Wil und Wien – die gemeinsame Aussprache erfordert fast schon etwas Konzentration. Was sieht Bettina an ebendiesen Orten, an denen sie lebt und arbeitet? 

«In Wil sehe ich das Überschaubare. Es ist ein Ort, wo ich alles kenne. Idylle. Es ist auch ein Nest. Für mich und generell. Tolle kleine Dinge entstehen manchmal dort. Wien ist Desorientierung. Es brauchte lange bis ich mich zurecht fand in der Grossstadt, geografisch und auch sonst. Manchmal erschlagen mich die Möglichkeiten. In Wien sehe ich auch immer, was ich alles nicht machen kann.»
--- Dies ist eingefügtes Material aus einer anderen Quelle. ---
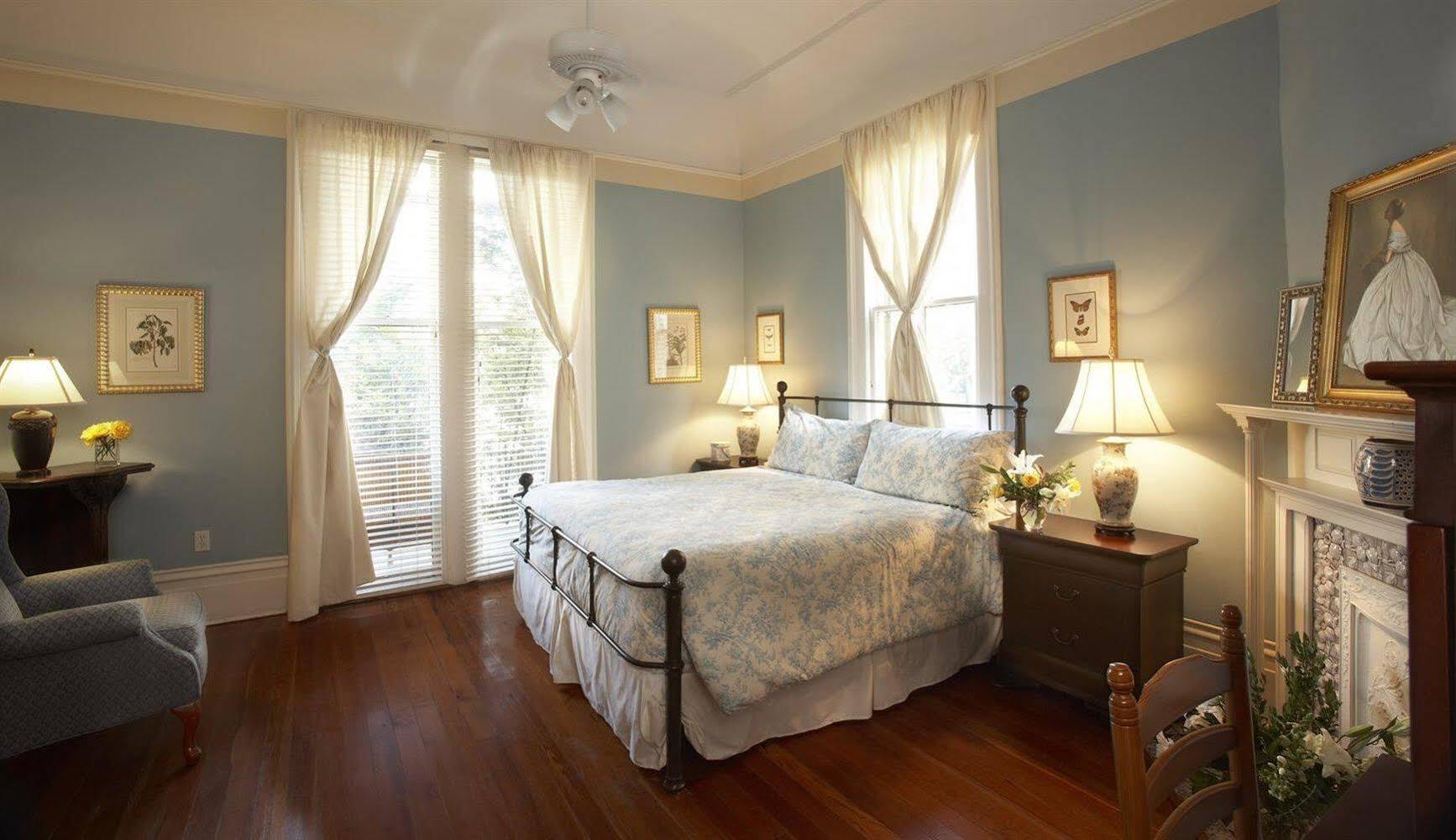 Maison Perrier Bed & Breakfast New Orleans Esterno foto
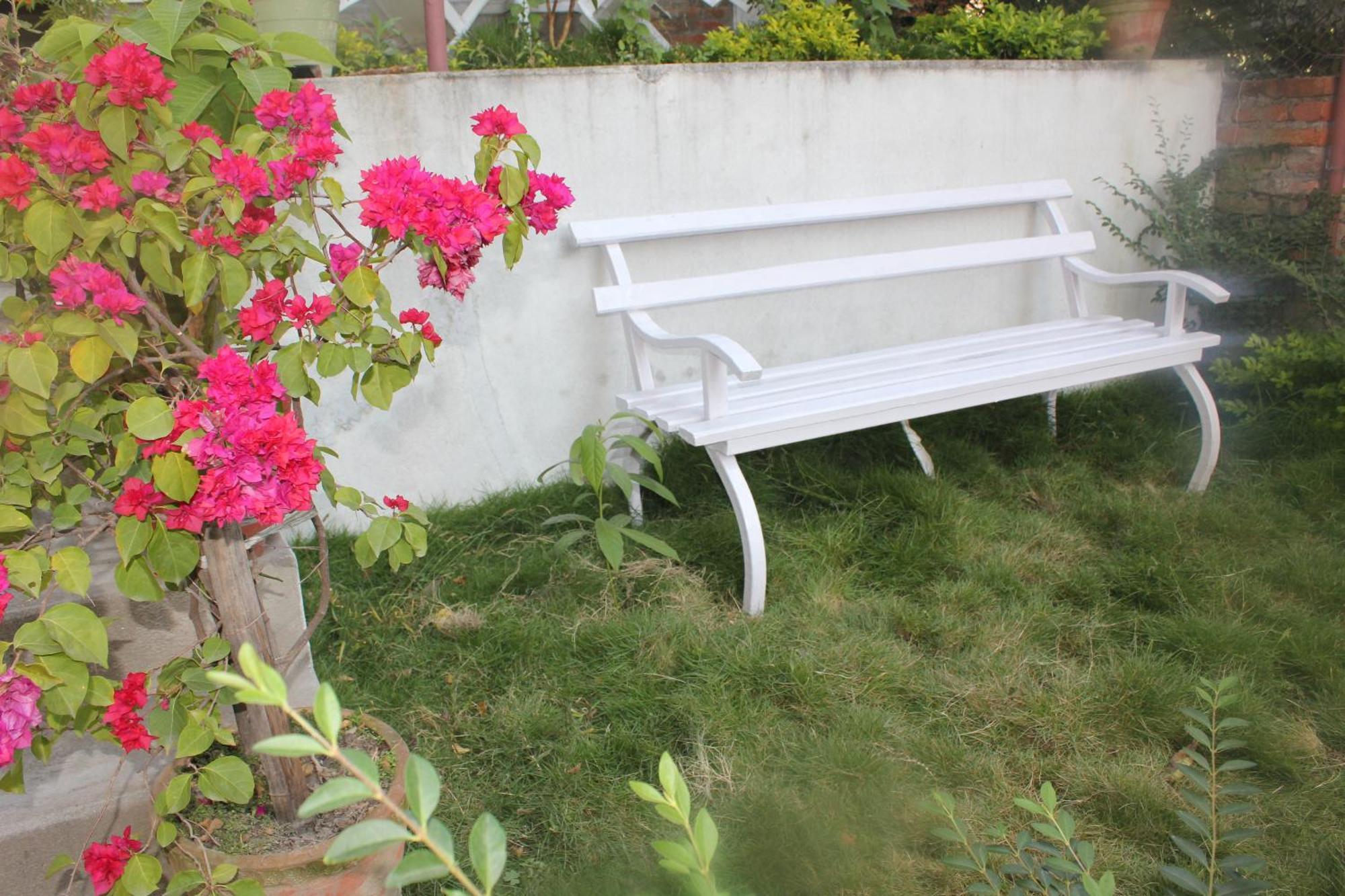 Kaji Home Lalitpur Luaran gambar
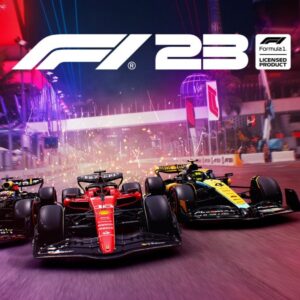 F1® 23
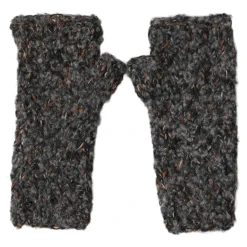 Fingerlose Handschuhe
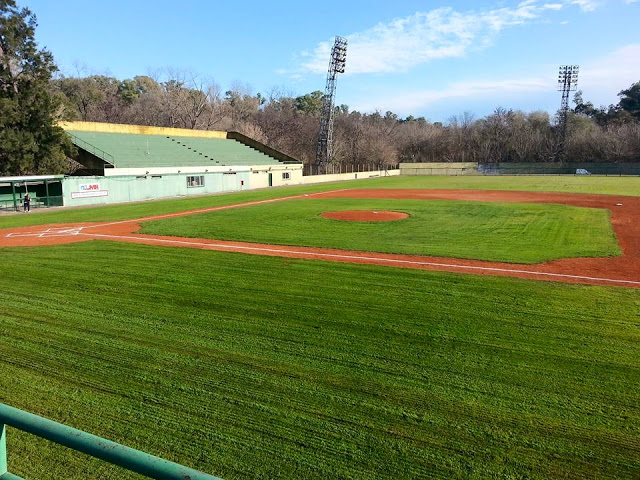 Estadio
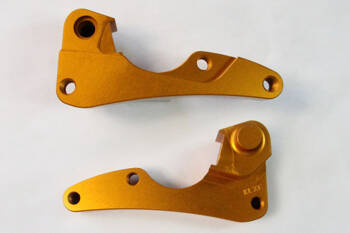 EBC Klamra do tarczy OS6330C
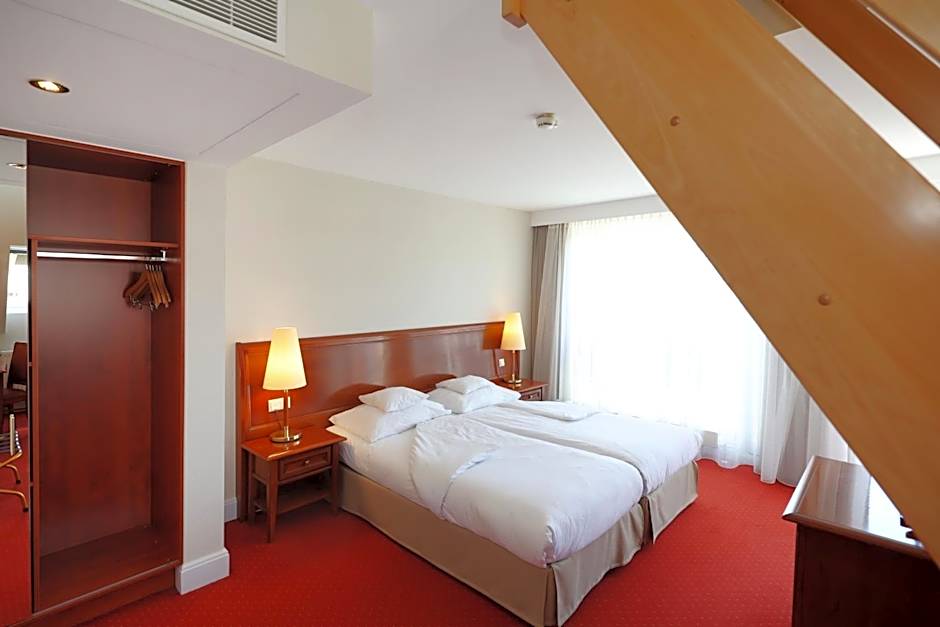 Hotel Moosburger Hof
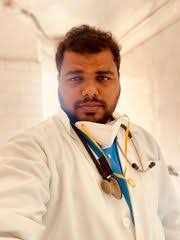 Dr Anurag Singh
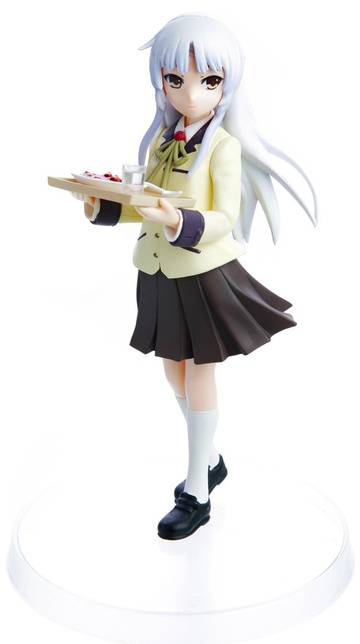 Tachibana Kanade (Tenshi), Angel Beats!, FuRyu, Pre-Painted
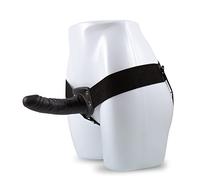 Blush Gode Ceinture Creux Noir 16 cm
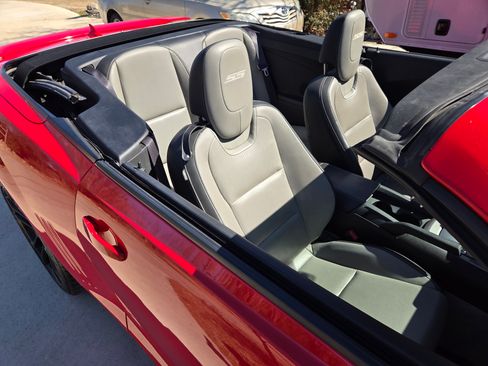 Used 2014 Chevrolet Camaro SS w/ RS Package image 28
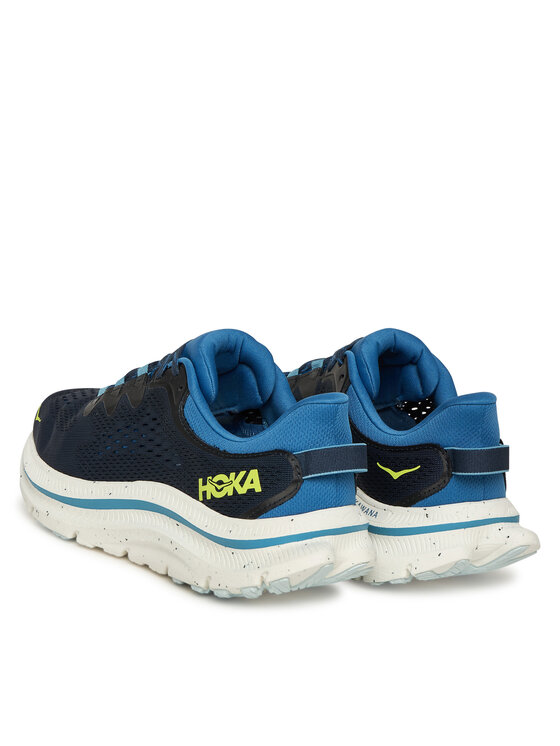 Hoka Hoka Běžecké boty Kawana 2 1147930 Tmavomodrá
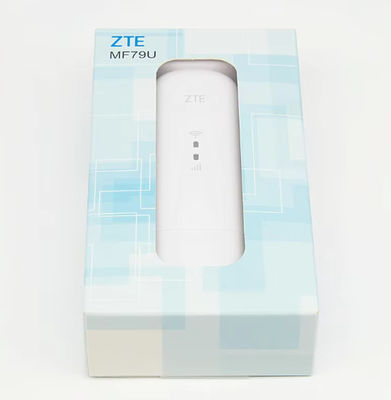 kopen VPN functie Echte ontgrendelde 4G LTE WiFi Dongle Z-Te Mf79u USB Wi-Fi Router online manufacture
Ich google Bettina. Bettina hat soeben ein Buch geschrieben. Es heisst «Erbgut», ist eine Familiengeschichte, fragmentarisch erzählt, nicht chronologisch und aus vielen Perspektiven, vor allem der weiblichen Familienmitglieder. Wir sprechen also über Bücher. Ich frage Bettina, welches Buch sie am häufigsten verschenkt. «Ich finde es schwierig, Bücher zu verschenken. Schenkt mir jemand ein Buch, das ich nie lesen würde, frage ich mich: weiss die Person überhaupt, wer ich bin?»

Über Schule sagt Bettina «Schule ist wie eine kleine, geschlossene Gesellschaft mit eigenen Regeln, eigenen Orten, eigenen Bewohner.innen. Wie stärke ich Kunst und Kultur in dieser Mini-Gesellschaft? Was für neue, herausfordernden Erfahrungen können die Kinder und Jugendlichen mit Kunst und Kultur machen? Kunst und Kultur können Fragen auslösen, Denkräume öffnen und Möglichkeit bieten, sich mit einem Problem auseinanderzusetzen.» In ihrer Arbeit als Kulturagentin interessiert sich Bettina dafür, wie man «diese Fragen aus und im Kontext Schule herauskitzeln kann».